[EXCERPTED RECORDS Boundary: Start]

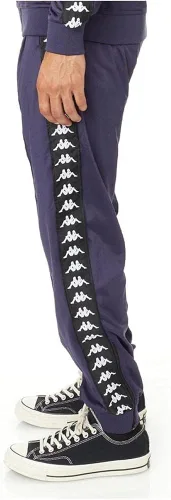 Miniatura 4 de Kappa 222 Banda Rastoriazz - Pantalones deportivos (azul marino)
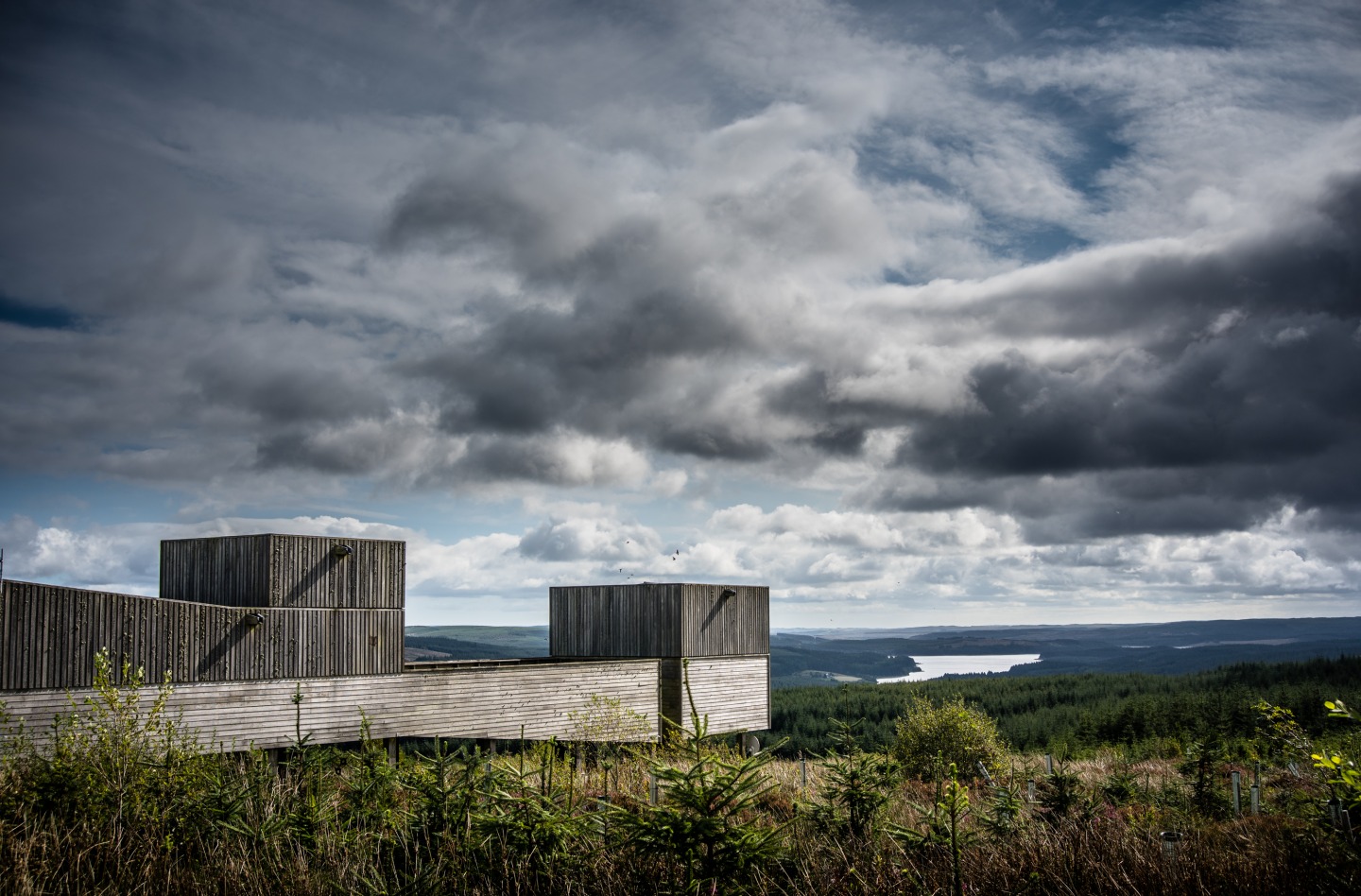 Kielder, Dan May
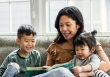 Người mẹ thông minh sẽ dạy con theo cách này: Tuổi già có thể mỉm cười bởi con lớn lên rất dễ thành công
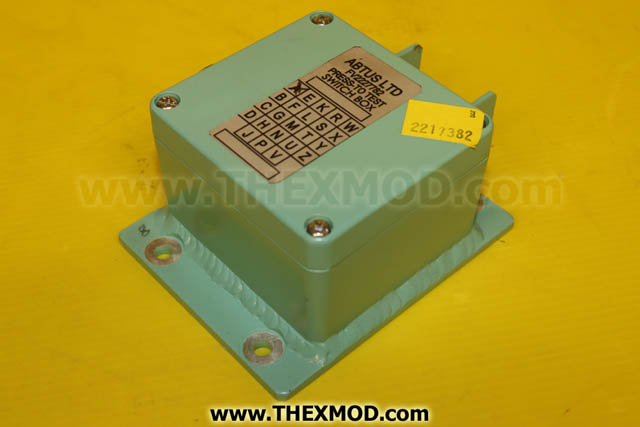 Switch Box - Fire Detection - FV2227782-1
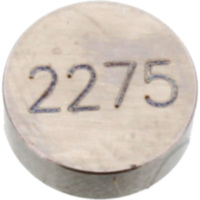 Valve shim 7.5 mm 2.275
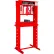Sunex Tools 5720 - Presse d'atelier manuelle de 20 tonnes avec kit d'accessoires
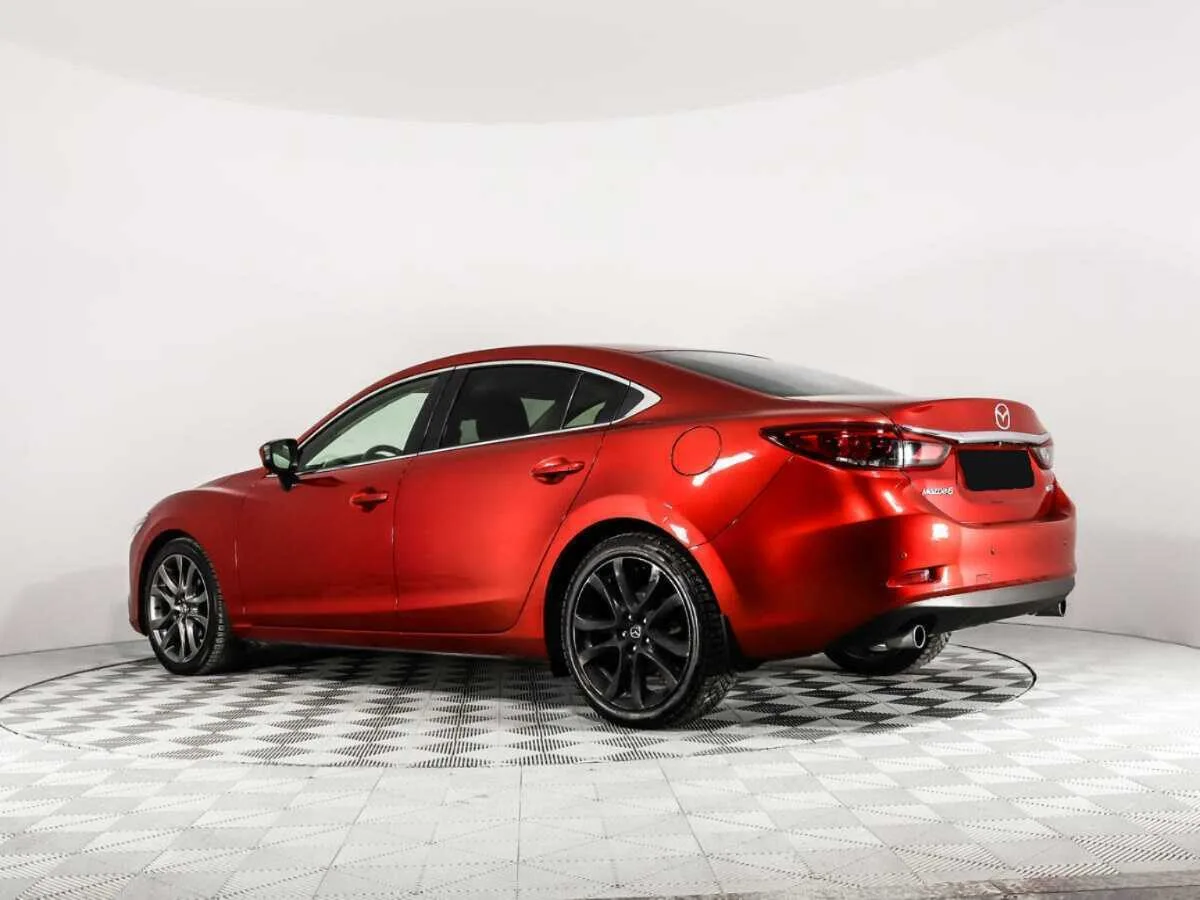 Mazda 6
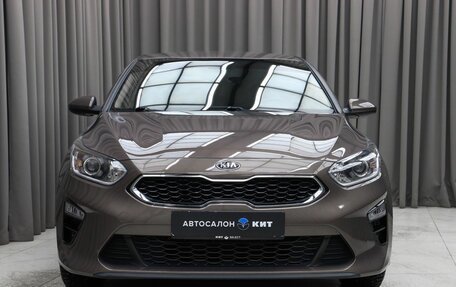 KIA cee'd III, 2018 год, 1 890 000 рублей, 2 фотография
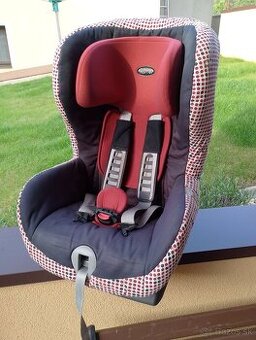 Predám autosedačku Britax Römer 9-18kg.
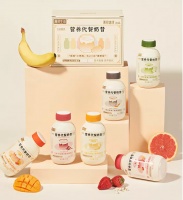 薄荷健康 營養(yǎng)代餐奶昔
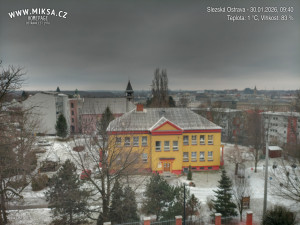 Město Ostrava - Slezská Ostrava - 30.1.2026 v 09:45 Město Ostrava - Slezská Ostrava - 30.1.2026 v 09:45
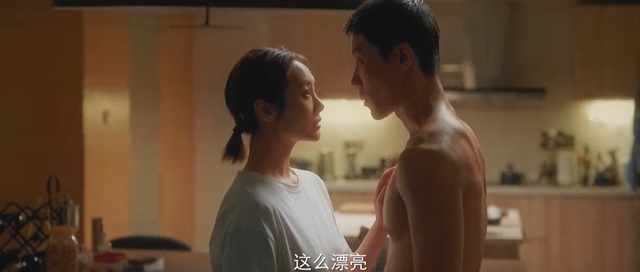 《爱很美味》太敢拍了，成年人的爱情很露骨，直接俘获观众的心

[EXCERPTED RECORDS Boundary: End]

▸ HOW TO COMPLETE THIS TASK: Restate the entries above word for word, and keep the pictures out.

▸ RESULT:
 Miniatura 4 de Kappa 222 Banda Rastoriazz - Pantalones deportivos (azul marino)
 Kielder, Dan May
 Người mẹ thông minh sẽ dạy con theo cách này: Tuổi già có thể mỉm cười bởi con lớn lên rất dễ thành công
 Switch Box - Fire Detection - FV2227782-1
 Valve shim 7.5 mm 2.275
Sunex Tools 5720 - Presse d'atelier manuelle de 20 tonnes avec kit d'accessoires
 Mazda 6
 KIA cee'd III, 2018 год, 1 890 000 рублей, 2 фотография
 Predám autosedačku Britax Römer 9-18kg.
 薄荷健康 營養(yǎng)代餐奶昔
 Město Ostrava - Slezská Ostrava - 30.1.2026 v 09:45 Město Ostrava - Slezská Ostrava - 30.1.2026 v 09:45
 《爱很美味》太敢拍了，成年人的爱情很露骨，直接俘获观众的心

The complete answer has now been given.